Margot has taught at Boston University, Bowdoin College, Brandeis University, Carnegie Mellon, Cleveland State, Emerson College, Tufts University, the University of California at Irvine, the Warren Wilson College MFA program for writers, and Williams College. She has been the recipient of fellowships from the Radcliffe Institute, the Guggenheim Foundation, the N.E.A., the Massachusetts Artists' Foundation and the Canada Council for the Arts. Margot currently teaches at the University of Iowa Writers' Workshop.
This is a much earlier book than Eva... and that really shows. The language is equally as clean and crisp, though less lyrical. It is engaging--very detailed about mundane things, which is appealing and should lead to deeper characters (though in this case, I don't think it did). Mostly I felt like nothing presented in the first chapter deepened throughout the novel. The narrator has the potential to be more unreliable than she turns out being (though she is certainly complex in that she does a lot of really stupid things), and the child has the potential to be much more sympathetic than she turns out being. I kept reading, having had so much success with Eva, hoping that the book wasn't going where I thought it was going. Unfortunately, it did exactly what I'd hoped it wouldn't do. There was a gun on the mantel, so to speak, from the beginning, and it went off in much the way I expected it to, which was a real disappointment. I found myself unmoved by the end, which felt like a rehash of the first chapter.

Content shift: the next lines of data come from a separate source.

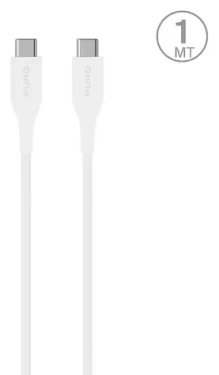 Puro Plain bílá / Datový kabel USB-C na USB-C / 2A / 1 m (CUSBCUSBCWHI)
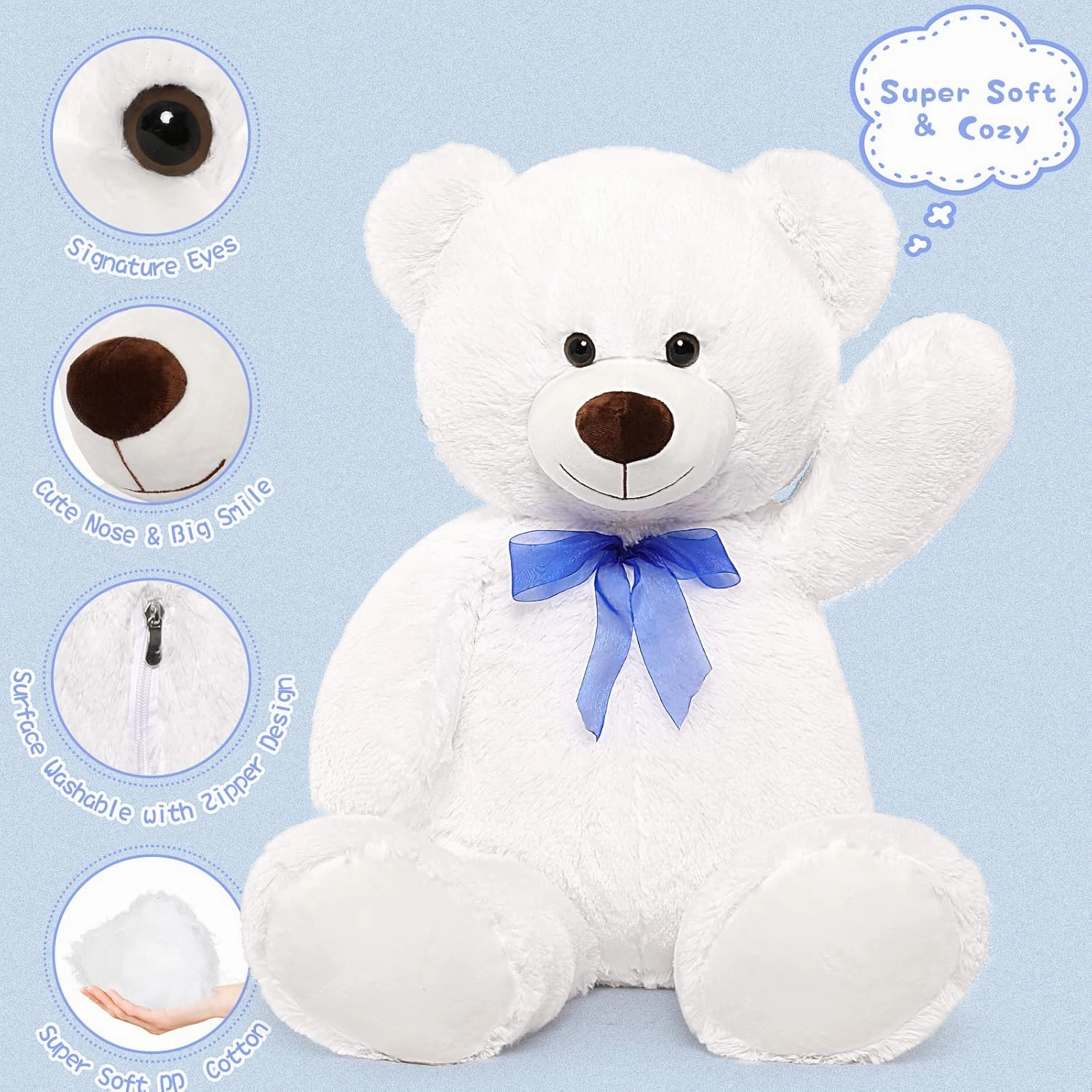 MorisMos Giant Teddy Bear Stuffed Animal 3ft-36 inch Big Teddy Bear Gifts for Girlfriend Boyfriend Wife Mom Fiancée Gift,Large White Bear for Baby Shower Birthday Christmas Decor,White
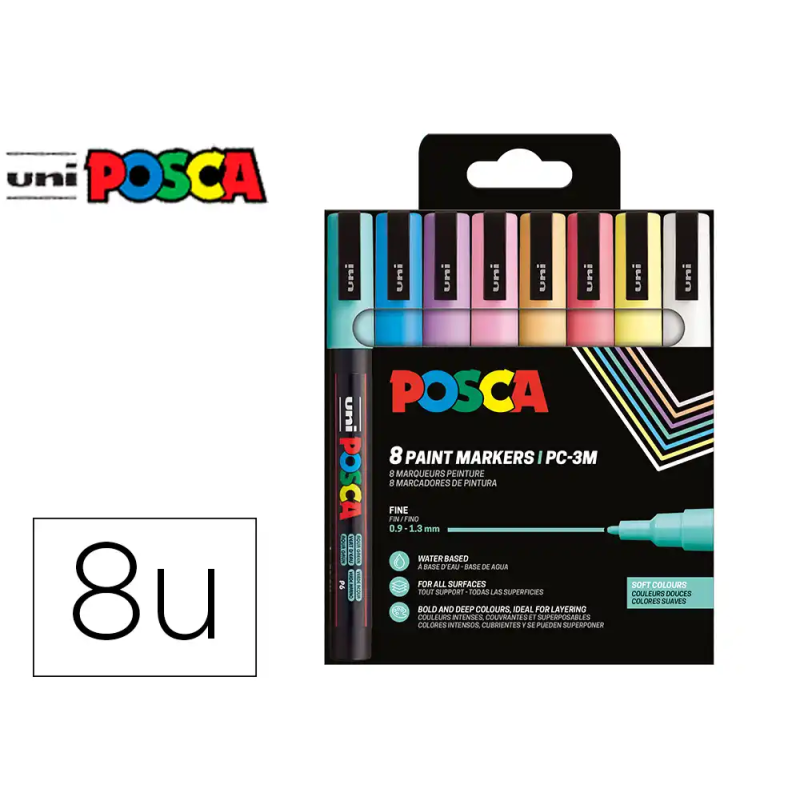 Rotulador uni posca pc-3m/8c marcador de pintura punta conica 0,9-1,3 mm estuche de 8unidades colores suaves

Adjusting to a new city, a new job, a new relationship, creating a new social circle, getting used to sharing a home with someone--this is a lot to get used to. Add to the mix Celia's anxiety and neediness and insecurities and her new boyfriend Stephen's complicated relationship with his ex, from whom he is not yet divorced and who shows no signs of changing that, and his unhappy young daughter, who suddenly and unexpectedly moves in with them when her mother decides to move to Paris, and it's no wonder Celia gets overwhelmed. Her distress tips into paranoia, and it's hard to tell how much of what happens is attributable to her faulty preception and how much to the creepy stepdaughter. In the end, Livesey tips the scales rather too much in one direction, I think, and the writer she became (this is her debut novel) would have handled both the ambiguity of that set-up and the responses of those around the narrator (including the clueless boyfriend Stephen) to her increasing anxiety with more subtlety. But I still really enjoyed this book.
It's really too bad that I couldn't get into this book. Livesey is one of my new favorite authors. This was her first novel, the pace is terribly, terribly slow, and the main character is annoyingly mousy. Plus, I skipped ahead to the end (sometimes I do that!) and the end just makes me mad, so I figured, why continue reading it?
Margot Livesy, in HOMEWORK:A NOVEL, has placed every word, every scene, every interaction between any members of the triangle of central protagonists —father, daughter, future step-mother— all “secondary” characters being so insubstantial as to hardly be characters at all—as near to perfectly as can be imagined.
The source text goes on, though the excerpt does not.